Selling Strategy: Interestingly, and although it may sound contradictory for developing countries, price is not the only consideration. I have spoken with people from the educational sector and they seem to be willing to pay a bit more if they get proper ‘peace of mind' (technical support).

The fact that they are able to take small risks that is, buying a few units instead of a million makes a huge difference in terms of the decision makers. I totally understand Negroponte's view about scale (no great changes unless no great numbers), but the risks for developing nations are just enormous.

It take a lot of courage and vision (such as in the case of Brazil's President Lula), to take the ‘1 million decision'. Intel strategy may not be the most disruptive but believe me: it fits better the average mind of the average politician. We have millions of those in Latin America. Professor Negroponte: please take note.

Ruggedness: The Classmate machine has been seriously beaten in front of my eyes and keeps working without any has a 'bad-boy behaviour' in mind. You can see a live demo at the final 30 secs of this video. I know the B2 prototype still does not have the final materials, so it should not be compared with Intel's laptop right now, but I am a bit concerned about the resistance of the two green antennas. Not sure if they would resist the worst case scenario.

Linux: Yes, you can order (if you are a school owner, such as the municipality) all your Classmates with Linux. However and here is the surprising news: The selling price is not very different to the windows version, because Microsoft sold the Windows licenses at a very low price, - at least we were told so by the Intel executives we interviewed.

Not sure what they meant by that, but apparently it's around ten dollars (I'm trying to get this info). The key issue here is the ‘popularity contest' (already won by Windows) behind adopting a Linux based system if such a decision will be in the hand of local authorities or even the national Ministry of Education. With all its obvious strengths, Linux is a geek mantra, not a politician or Ministry of Education mantra.

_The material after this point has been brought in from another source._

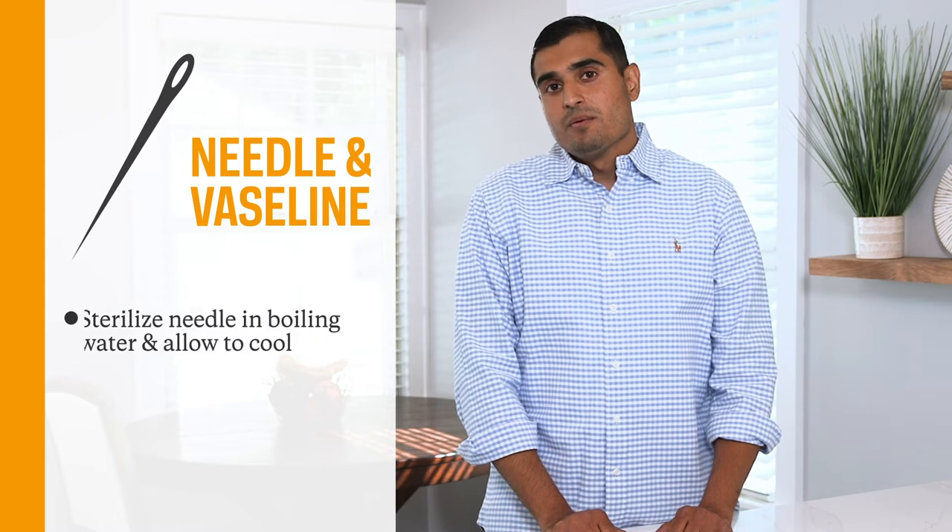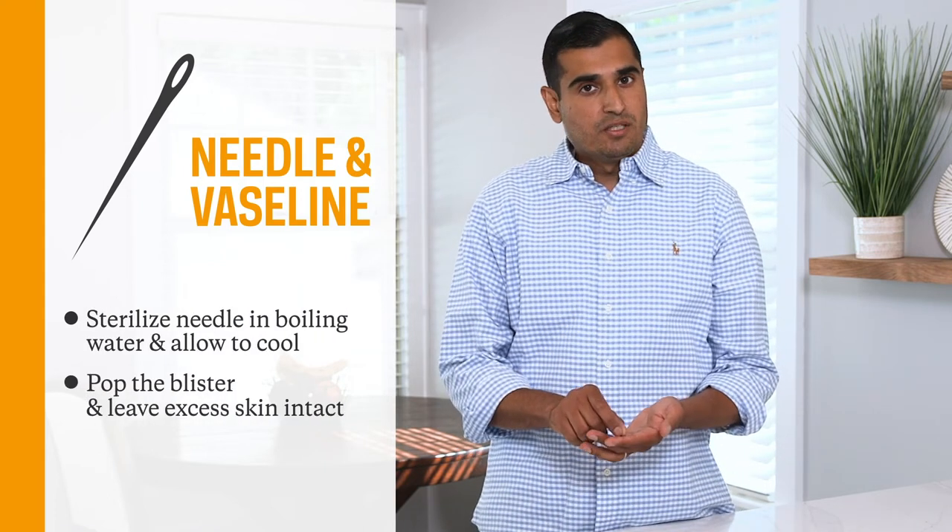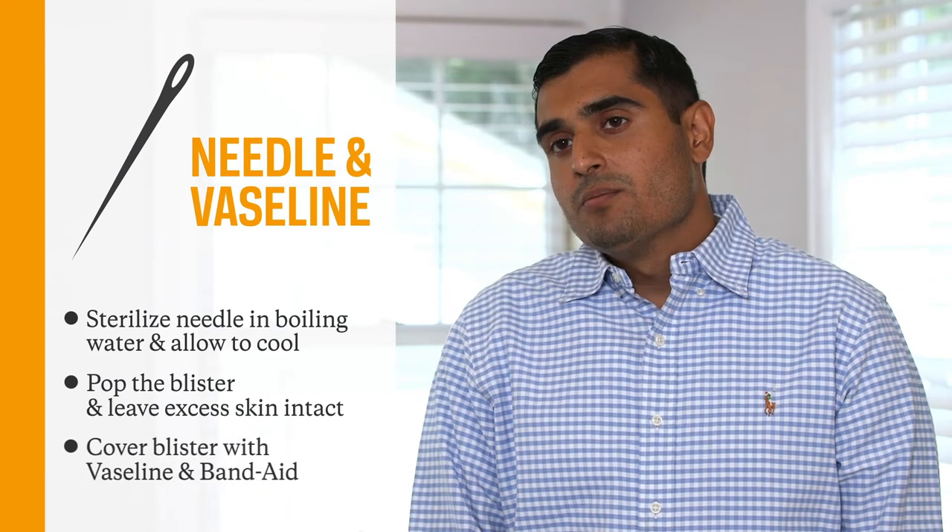They're painful, they're bothersome, but thankfully there are a few ways to take care of them. What you can do is take a pin or a needle and sterilize it by putting it in boiling water. After it cools down, you can take the pin and pop the blister.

Only extremely visionary politicians have understood that in this part of the word. Thus, after the arrival of Classmate, those advocating for a ‘Linux Generation' produced as a consequence of a massive implementation of OLPC in schools are feeling fairly skeptical, again.

Hardware: This is an unfair comparison at the moment because I have with me the B2 test (not the more robust forthcoming B3). Plus, in the B2 many features run really slow simply because, well, it's a prototype! However, the performance of the Classmate running Win XP we tried in Santiago de Chile some weeks ago is frankly impressive, particularly when we run things like YouTube videos.

Now, you may be tempted to ask: Do poor kids need more powerful machines? Well, the question should be a different one: Do your son or nephew living in New York or Boston needs one? Of course they do. And in fact, that's why OLPC is making this huge hardware upgrading, making both machines almost identical in terms of performance.

Software: With the new upgrading, the XO can run the Microsoft software for Classmate, which is also truth the other way around. Yet, (and see below), the educational models differ: Classmate's gives more control to teachers, while OLPC´s gives more freedom to students. This last point is particularly important from the point of view of more discipline-oriented schools.

olpc classmate linux
Two models of learning

Educational Model: I'm super fan of the student centric OLPC model. Actually, that is in my view the most revolutionary contribution of the project. However, the Intel guys have been working for years (about a decade in Chile) with the school teachers. Their educational model called Intel Educa has been delivered to over ten thousand teachers here and now it's even part of the curriculum in many universities.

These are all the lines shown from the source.